Nepali Times Asian Paints
Nation
Rape for ransom


SHATRUDHAN KUMAR SHAH in MAHOTTARI


CIJ
GETTING AWAY WITH IT: A 13-year-old girl in Mahottari who was raped at knife-point by a neighbour recovers in hospital. Police said this was a "normal" case.
Sexual violence against women in the eastern Tarai districts has reached epidemic levels because perpetrators don't just go scot free, but are often rewarded for their crime.

Two years ago in Mahottari, a young woman was forced into a sugarcane field and raped by Farmud Ansari and Murduj Ansari. They were caught, but instead of punishing both of them, locals padlocked the girl's house and expelled her from the village for having "corrupted" local youth. After seeking help from police and political leaders, the girl got a compensation of Rs 40,000, half of which was taken by the mediating all-party leaders as a donation for their 'community development fund'.

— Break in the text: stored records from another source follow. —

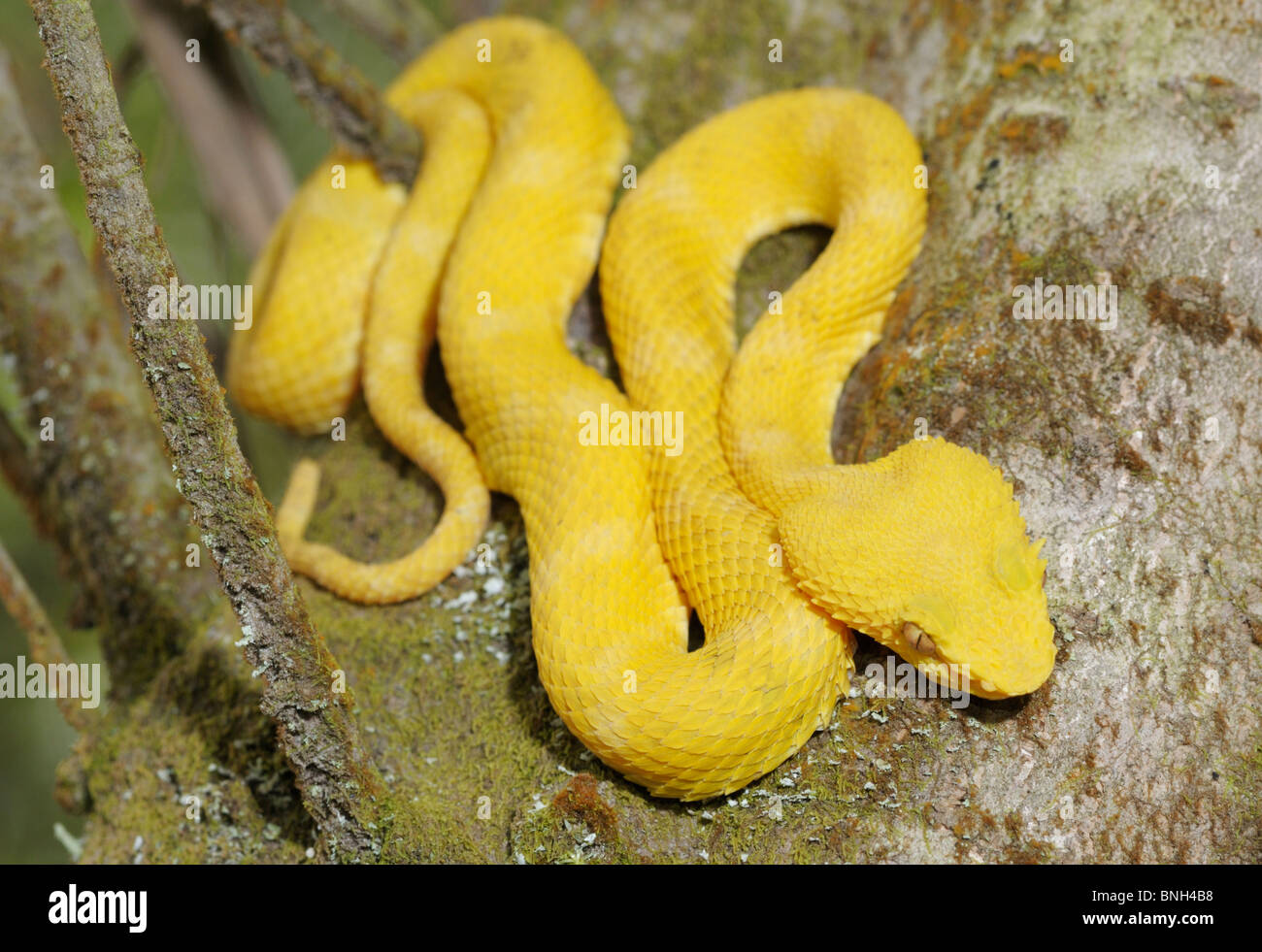 Bothriechis schlegelii cils, Viper, parc national Arenal, Costa Rica Banque D'Images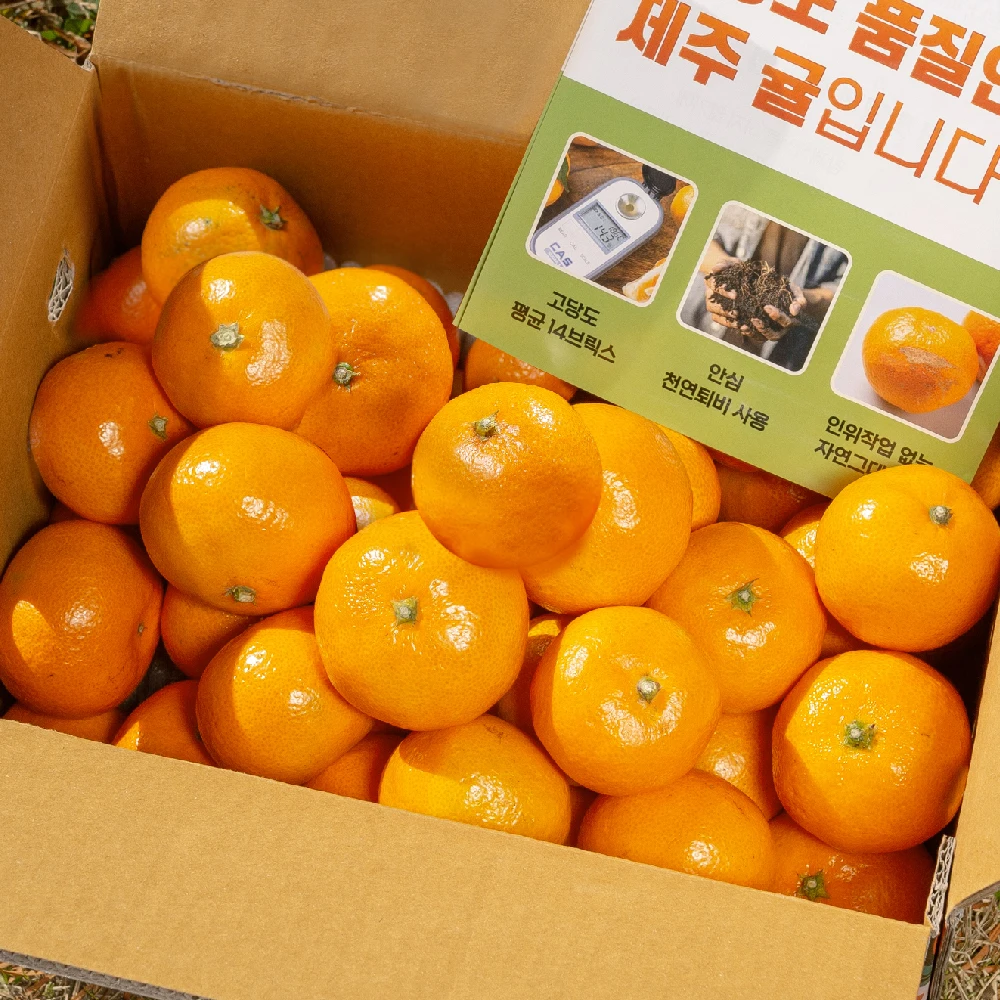 Jeju Citrus Tangerine Noe House Fruit 5kg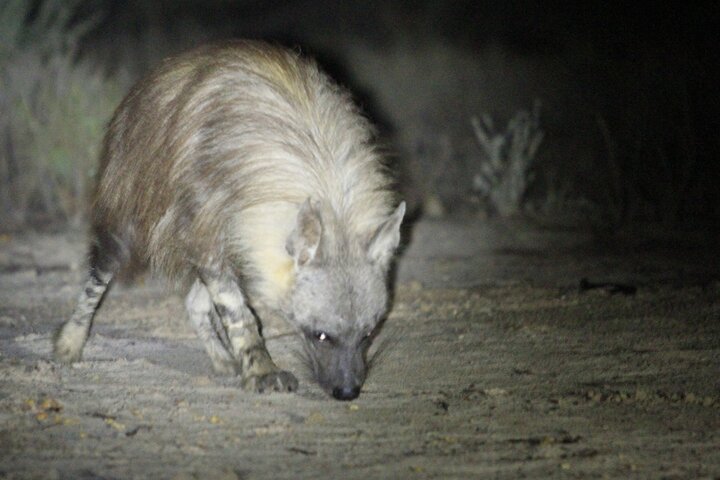 Exclusive Night Drive Safari near Hoedspruit
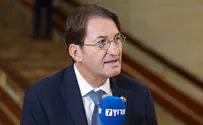 «Я – сторонник реформ, но предпочитаю единство»
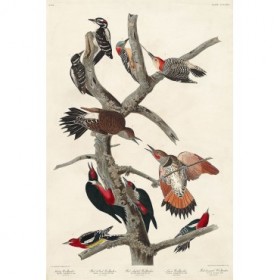 Hairy Woodpecker, Red-bellied Woodpecker, Red-shafted Woodpecker, Lewis Woodpecker and Red-breasted  - Cuadrostock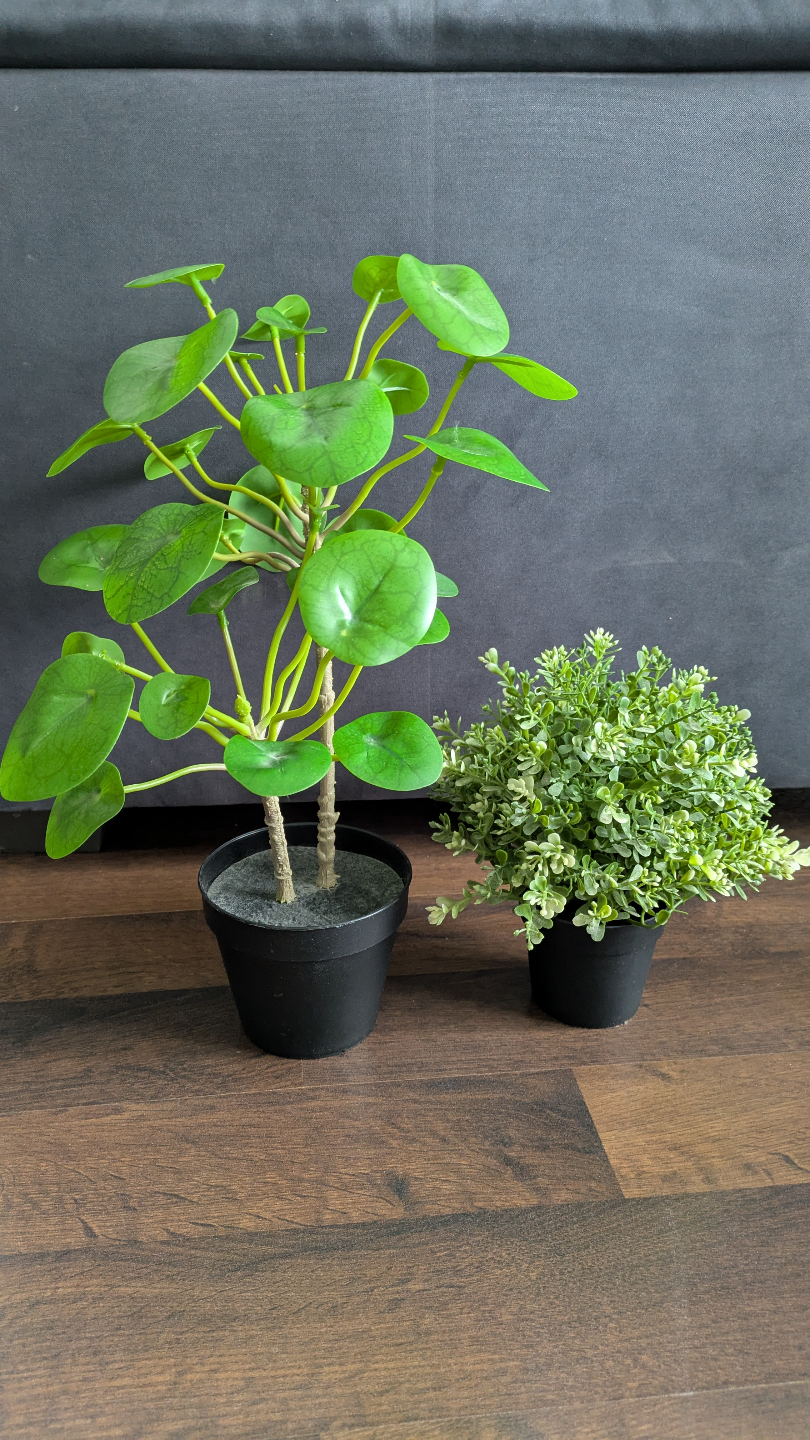 Two Artificial Plants in Black Pots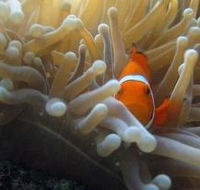 Flat Rock Dive Site - Accommodation Melbourne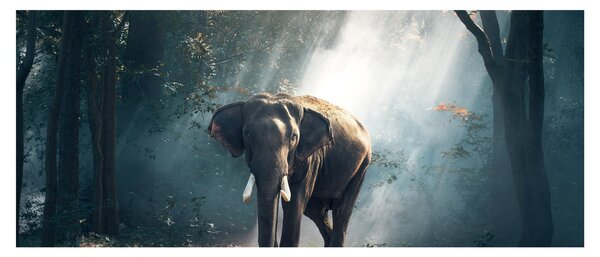 Tablou cu elefant în djunglă (120x50 cm)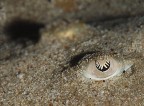 Santa Maria al Bagno (Nard)
-4 mt.
Notturna


Particolare dell'occhio di un giovane trigone, con la pupilla a forma di sole con i raggi. 
Per dare un un p di senso di profondit ho allungato le ombre e sottoesposto di uno stop.

Critiche e suggerimenti sempre graditisiimi

Grazie mille a tutti

Giuseppe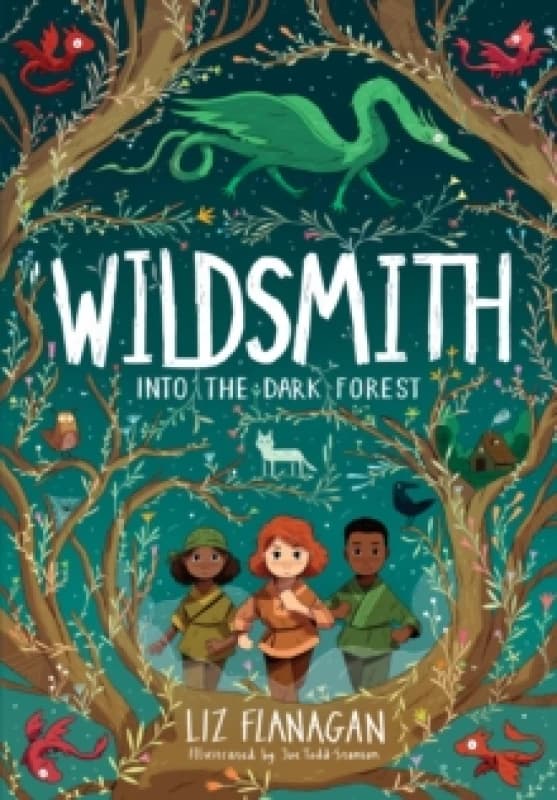 Into the Dark Forest : The Wildsmith #1 Paperback / softback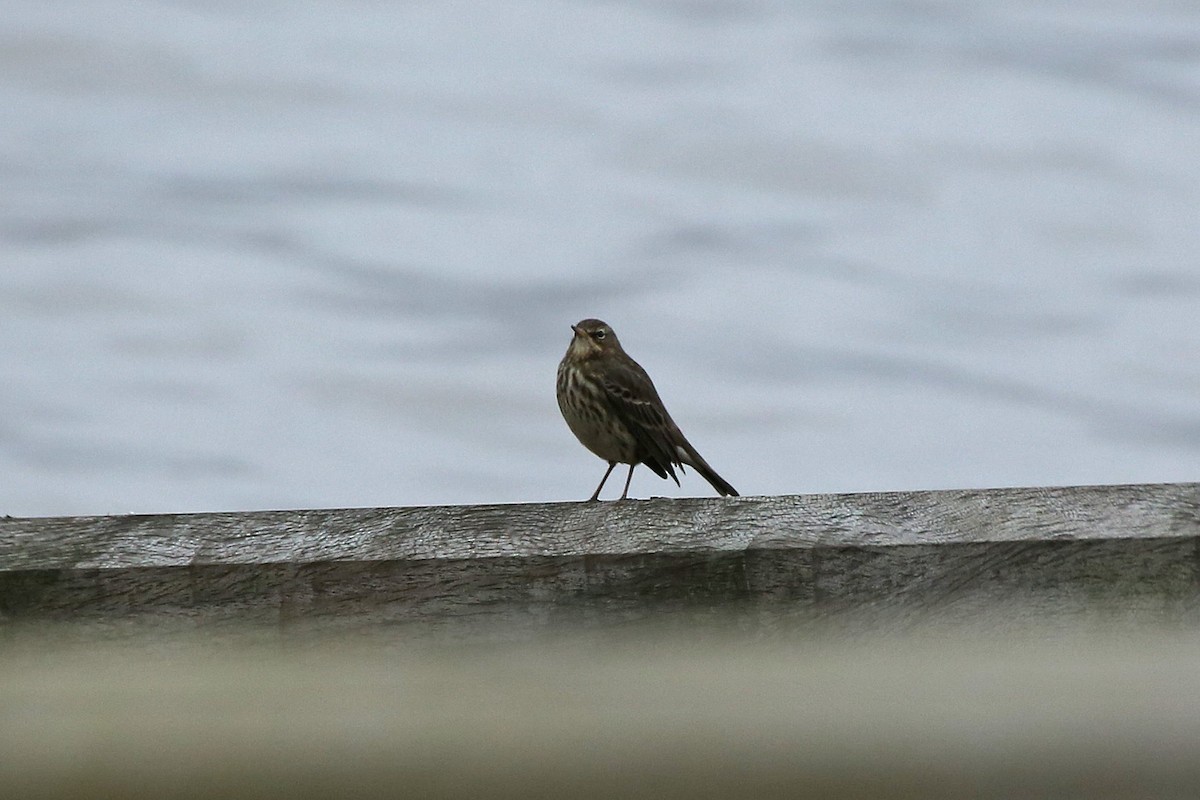 Rock Pipit - Paul Chapman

The local representatives of the TMLP, Maoists, NC, Madhesi Forum and UML all signed the agreement for compensation in the presence of the head of the Women's Cell of the local police. And as a 'reward', the locals tried to force the girl to marry one of the men. Mahottari's police chief said: "The best alternative was to allow the victim to re-assimilate herself in society."

Another young woman from Laxmipur of Rautahat was forced to marry her rapist, Sagar Darji, under pressure from the local administration and civil society organisations, including gender rights activists. Police chief Pradip Kandel said: "It is not possible to deliver justice in all rape cases.Sometimes we need to find an alternative mechanism."

'Alternative mechanism' has now become an euphemism for letting rapists to not just get away with their crime, but actually take the rape victim home with them. And the most outrageous aspect of this is that it is aided and abetted by local politicians, police and even human rights activists.

"The rapists who come from powerful families never get punished, the victims who are poor never get justice because the police themselves work to cover up the crime and work out an arrangement," says civil society activist, Madan Jha. Other activists say rape is not a sexual crime, but projects violence and power deeply-rooted in the Tarai's patriarchy.

Earlier this year, a 17-year-old girl in Mahottari's Bairganiya village was raped by 25-year-old Ranjit Das who also filmed the incident and circulated the minute-long video via mobile and YouTube. When local authorities were informed about the crime, instead of punishing the accused, they collaborated with local bigwigs to force the victim to marry the perpetrator. Das is now in custody, but the video is being sold from phone to phone, and has even reached Nepalis in Qatar and Malaysia.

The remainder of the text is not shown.